Wilson v. United States of America
ORDER DISMISSING CASE. The petition is denied. I also deny a certificate of appealability. Ordered by Judge Edward R. Korman on 12/12/2014. (Kaye, Julia)
UNITED STATES DISTRICT COURT
EASTERN DISTRICT OF NEW YORK
NOT FOR PUBLICATION
MEMORANDUM & ORDER
– against –
UNITED STATES OF AMERICA,
I assume familiarity with the underlying facts and procedural history of this case.
Petitioner raises three issues. I address them seriatum.
1. Petitioner alleges that his attorney assured him that a plea of guilty would “result in a
sentence between 57 to 71 months.” This “assurance”—assuming it was given—was
based on an erroneous calculation of the Sentencing Guidelines. Indeed, as calculated
by the Probation Department, the Sentencing Guidelines’ range was 188 to 235
months. This claim does not provide a basis for relief for several reasons. First, the
district judge specifically advised petitioner during the plea allocution that the lower
guideline range was “an estimate, and not binding on me. And the fact is that if I
come up with a different estimate you will not be entitled to withdraw your plea.”

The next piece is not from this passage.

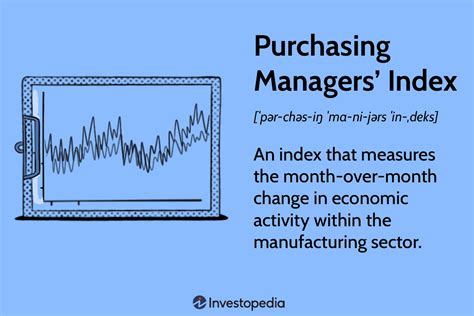 Purchasing Managers Index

Nevertheless, petitioner plead guilty after receiving this warning. Moreover, after the
PSR calculated the higher guideline range, petitioner’s counsel sought and obtained a
Fatico hearing to challenge the “relevant conduct” that caused the increase in the
Sentencing Guidelines range. Finally, petitioner does not allege that if he had been
apprised of the correct guideline range, he would not have plead guilty. Indeed, the
evidence against him was so overwhelming, including a videotape of the drug sale to
which he plead guilty, that a conviction would have been assured had he not plead
guilty and the Guideline range would have been 262 to 267 months because he would
not have received a three-level reduction for acceptance of responsibility. This would
have been dictated by a total offense level of 34 Criminal History Category 6, instead
of a total offense level of 31.
2. Petitioner argues that he received ineffective assistance of counsel on direct appeal.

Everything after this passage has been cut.